▶ REQUIRED ACTION
Using the listing below, print exactly everything from the line with "Raglan Thermal Hoodie Pearl" down to the line with "#20260003663 1989 KEN GRIFFEY JR. 8.5 NM-MT+", both included, and nothing more.

▶ GIVEN DATA
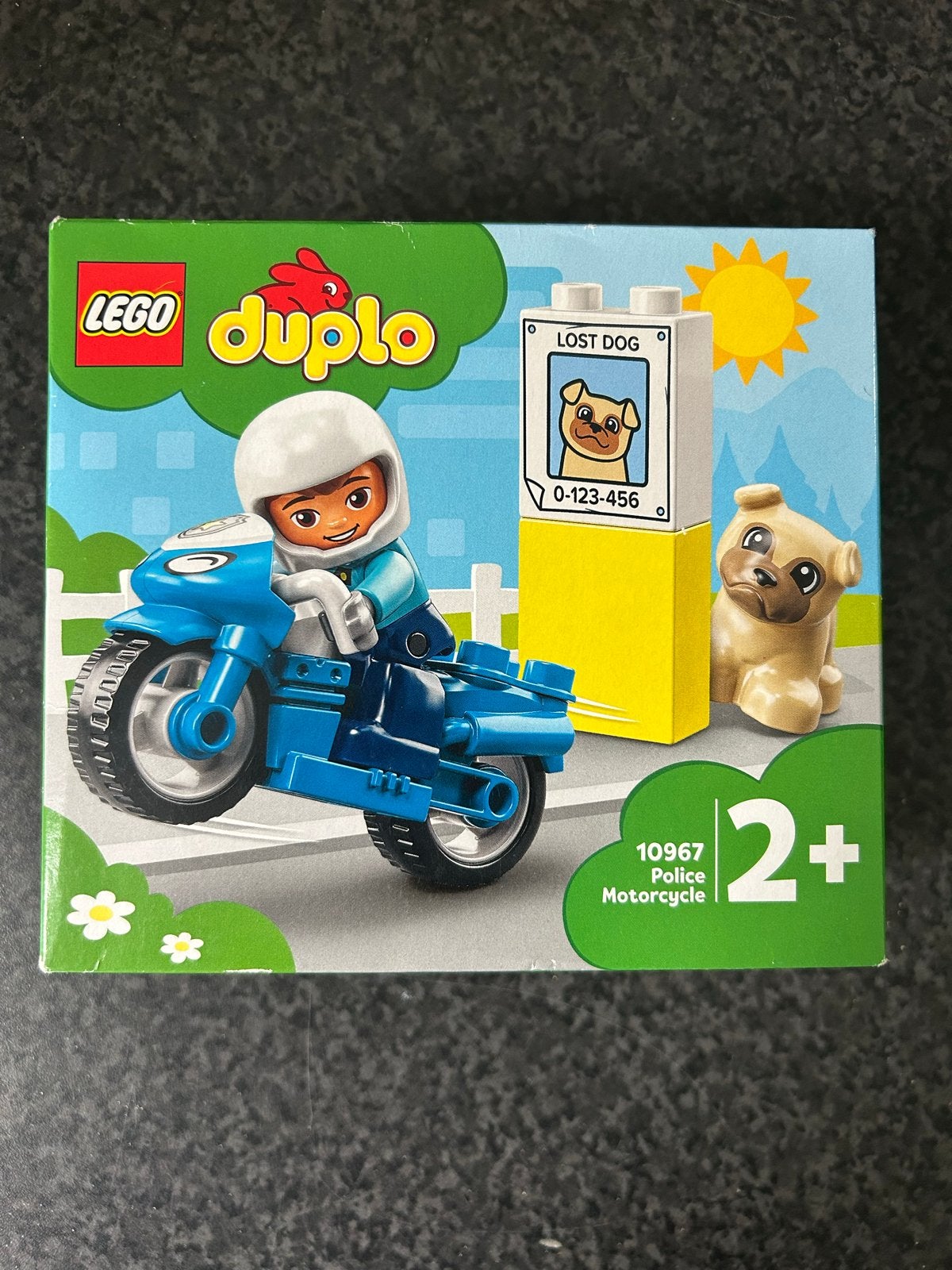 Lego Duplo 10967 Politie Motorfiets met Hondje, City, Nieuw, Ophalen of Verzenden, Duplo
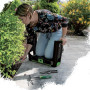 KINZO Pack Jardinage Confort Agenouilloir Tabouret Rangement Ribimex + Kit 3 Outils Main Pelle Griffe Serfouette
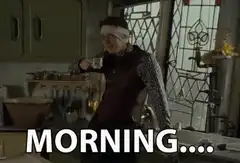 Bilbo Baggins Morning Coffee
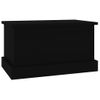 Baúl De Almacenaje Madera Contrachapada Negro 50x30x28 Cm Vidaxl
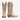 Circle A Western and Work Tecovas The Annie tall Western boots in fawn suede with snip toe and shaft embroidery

==

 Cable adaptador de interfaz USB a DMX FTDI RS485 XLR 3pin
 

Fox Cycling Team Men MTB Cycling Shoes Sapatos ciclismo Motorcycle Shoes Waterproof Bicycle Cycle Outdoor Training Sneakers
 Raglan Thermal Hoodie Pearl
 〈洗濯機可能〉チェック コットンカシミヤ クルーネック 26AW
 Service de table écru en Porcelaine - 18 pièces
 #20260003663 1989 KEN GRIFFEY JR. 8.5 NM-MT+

* * *

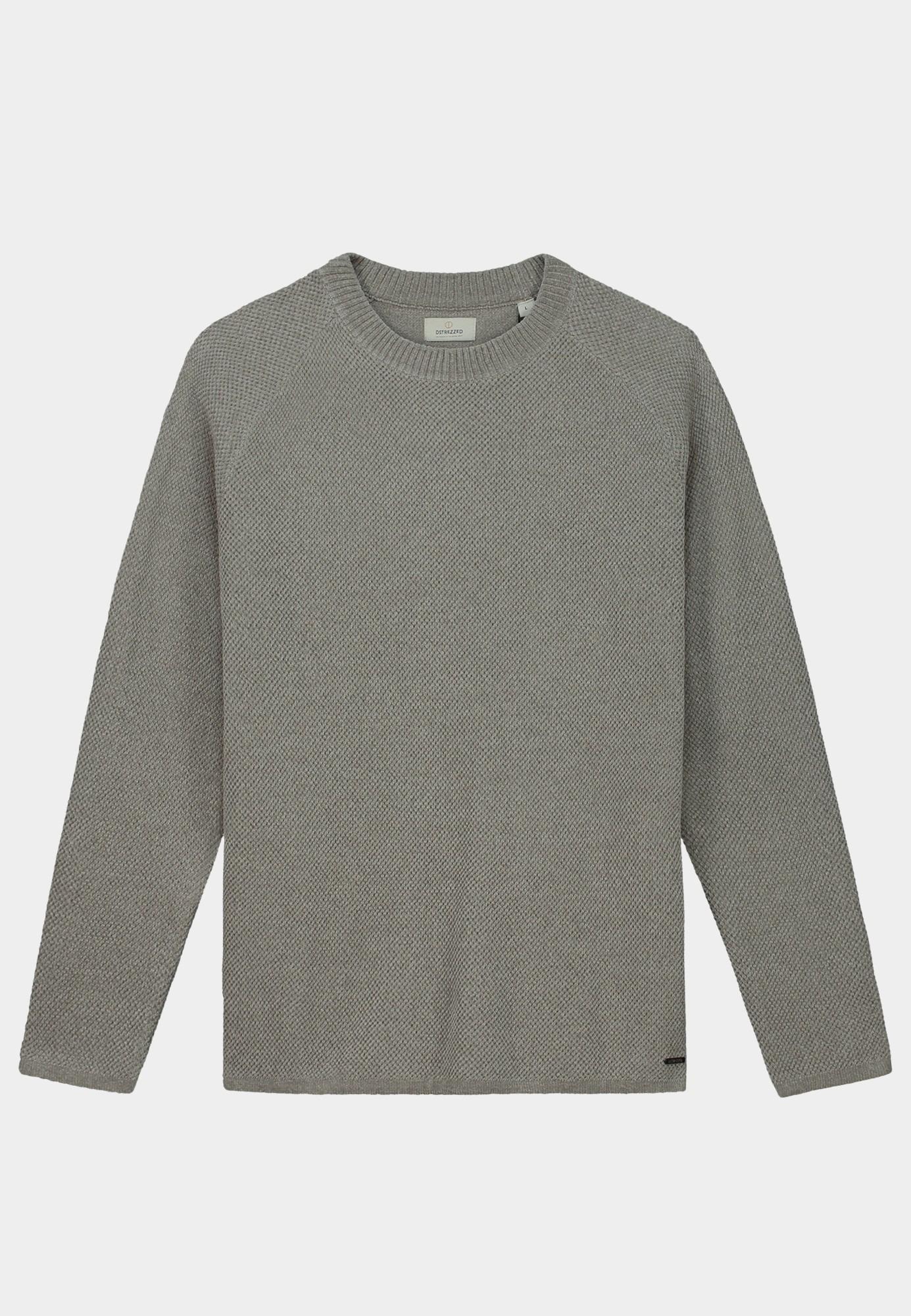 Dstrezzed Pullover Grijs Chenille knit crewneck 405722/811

▶ WRITTEN RESPONSE
 Raglan Thermal Hoodie Pearl
 〈洗濯機可能〉チェック コットンカシミヤ クルーネック 26AW
 Service de table écru en Porcelaine - 18 pièces
 #20260003663 1989 KEN GRIFFEY JR. 8.5 NM-MT+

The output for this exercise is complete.